BEGIN
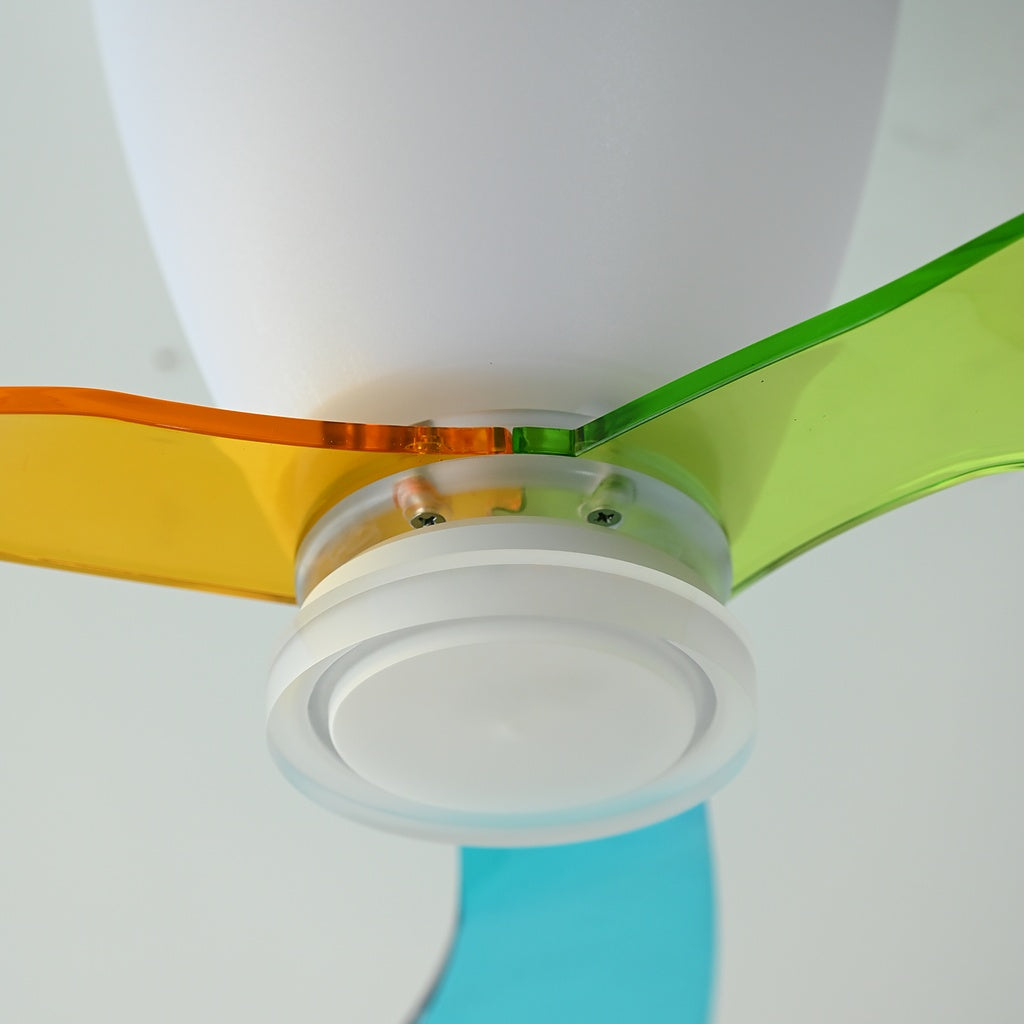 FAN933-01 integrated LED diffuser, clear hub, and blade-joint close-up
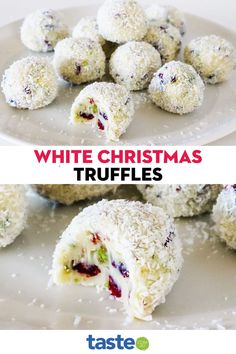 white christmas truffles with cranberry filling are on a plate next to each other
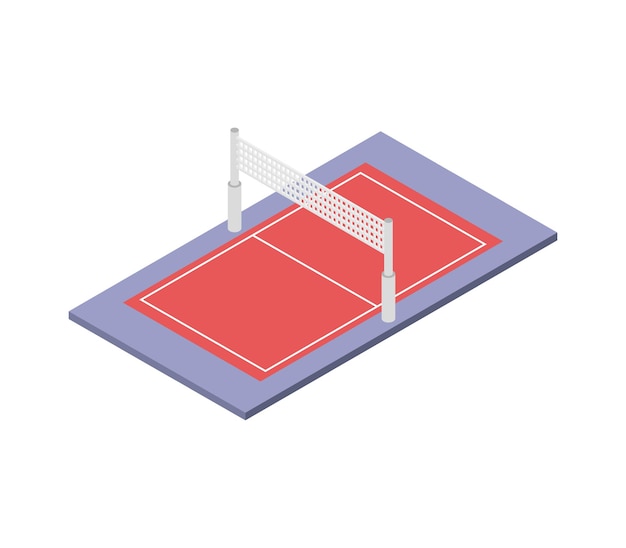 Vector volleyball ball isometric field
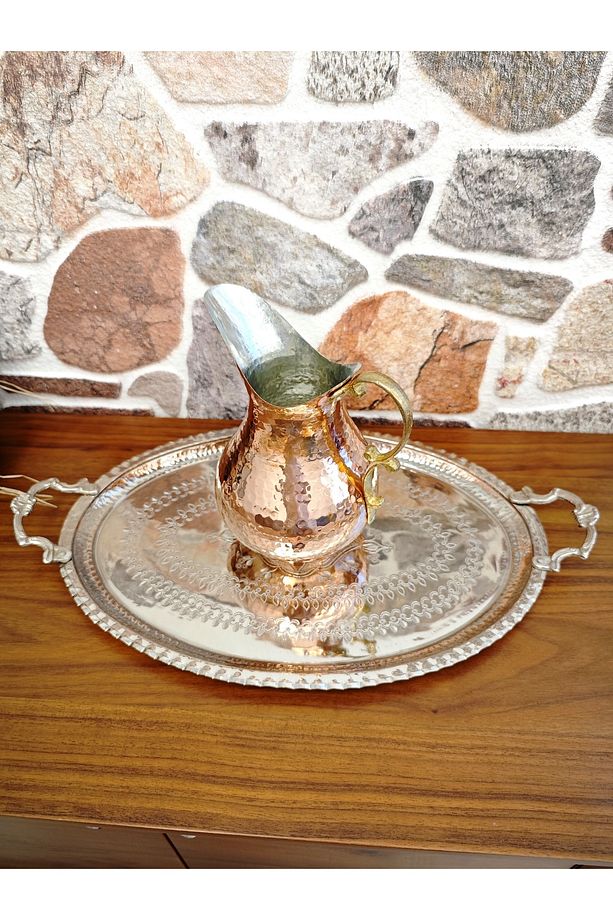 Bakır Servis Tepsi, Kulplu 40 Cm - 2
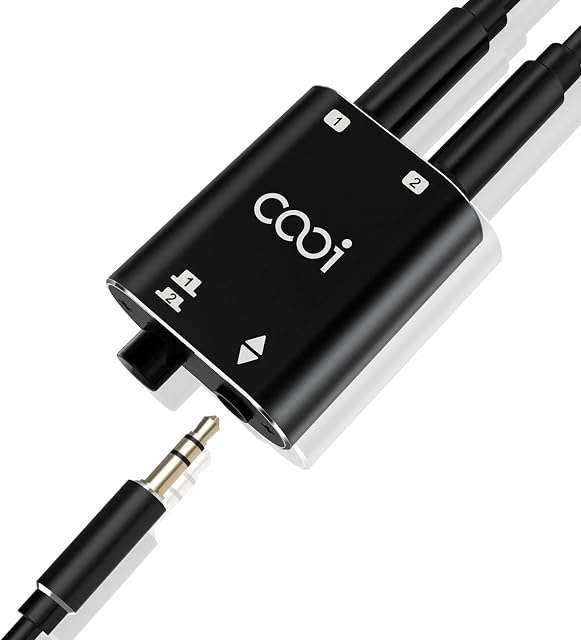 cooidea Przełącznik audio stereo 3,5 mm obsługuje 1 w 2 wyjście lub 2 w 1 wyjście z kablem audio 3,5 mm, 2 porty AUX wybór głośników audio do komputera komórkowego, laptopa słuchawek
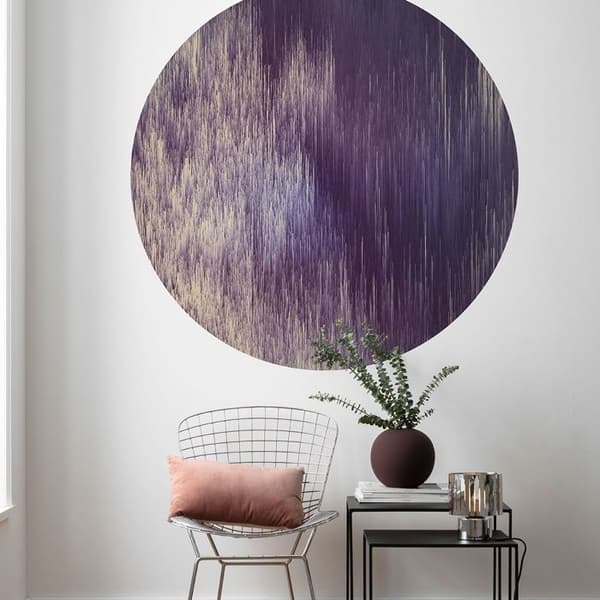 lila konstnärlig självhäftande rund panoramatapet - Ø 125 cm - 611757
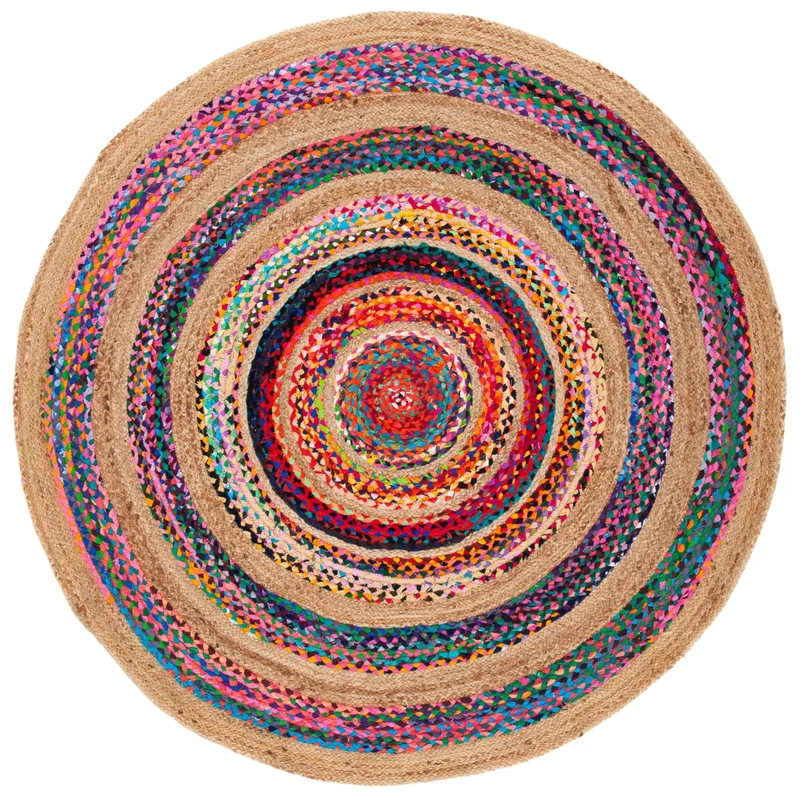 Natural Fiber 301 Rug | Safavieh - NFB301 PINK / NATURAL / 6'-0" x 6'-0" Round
END
What the task requires: Restate the listing above word for word and skip each picture.

Finished task:
 FAN933-01 integrated LED diffuser, clear hub, and blade-joint close-up
 white christmas truffles with cranberry filling are on a plate next to each other
 Vector volleyball ball isometric field
 Bakır Servis Tepsi, Kulplu 40 Cm - 2
 cooidea Przełącznik audio stereo 3,5 mm obsługuje 1 w 2 wyjście lub 2 w 1 wyjście z kablem audio 3,5 mm, 2 porty AUX wybór głośników audio do komputera komórkowego, laptopa słuchawek
 lila konstnärlig självhäftande rund panoramatapet - Ø 125 cm - 611757
 Natural Fiber 301 Rug | Safavieh - NFB301 PINK / NATURAL / 6'-0" x 6'-0" Round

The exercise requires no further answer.